From 05c0016072136f95348ea88380bc6a8002d8df2a Mon Sep 17 00:00:00 2001
From: Sebastiaan van Steenis <mail@superseb.nl>
Date: Sun, 24 Feb 2019 21:01:51 +0100
Subject: [PATCH] Add DNS troubleshooting

---
 .../rancher/v2.x/en/troubleshooting/_index.md |   4 +
 .../v2.x/en/troubleshooting/dns/_index.md     | 141 ++++++++++++++++++
 .../en/troubleshooting/networking/_index.md   |  33 ++--
 3 files changed, 160 insertions(+), 18 deletions(-)

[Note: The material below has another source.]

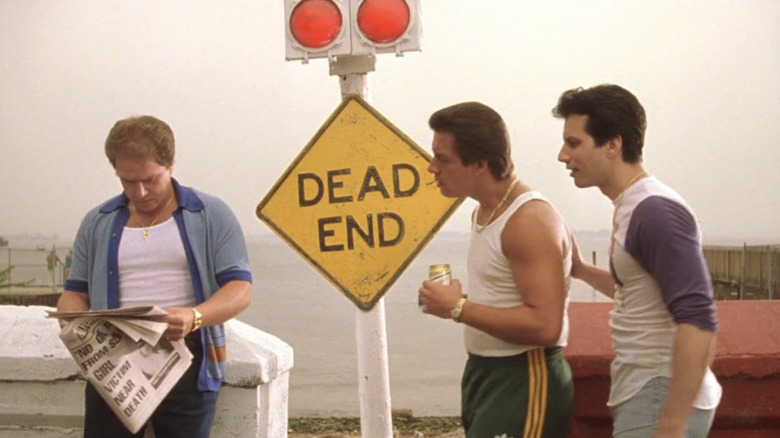 Three characters standing by a Dead End sign in "Summer of Sam"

 create mode 100644 content/rancher/v2.x/en/troubleshooting/dns/_index.md
diff --git a/content/rancher/v2.x/en/troubleshooting/_index.md b/content/rancher/v2.x/en/troubleshooting/_index.md
index 8640119ce2f..b59f147334f 100644
--- a/content/rancher/v2.x/en/troubleshooting/_index.md
+++ b/content/rancher/v2.x/en/troubleshooting/_index.md
@@ -24,6 +24,10 @@ This section contains information to help you troubleshoot issues when using Ran
 
     Steps to troubleshoot networking issues can be found here.
 
+- [DNS]({{< baseurl >}}/rancher/v2.x/en/troubleshooting/dns/)
+
+    When you experience name resolution issues in your cluster.
+
 - [Rancher HA]({{< baseurl >}}/rancher/v2.x/en/troubleshooting/rancherha/)
 
     If you experience issues issues with your [High Availability (HA) Install]({{< baseurl >}}/rancher/v2.x/en/installation/ha/)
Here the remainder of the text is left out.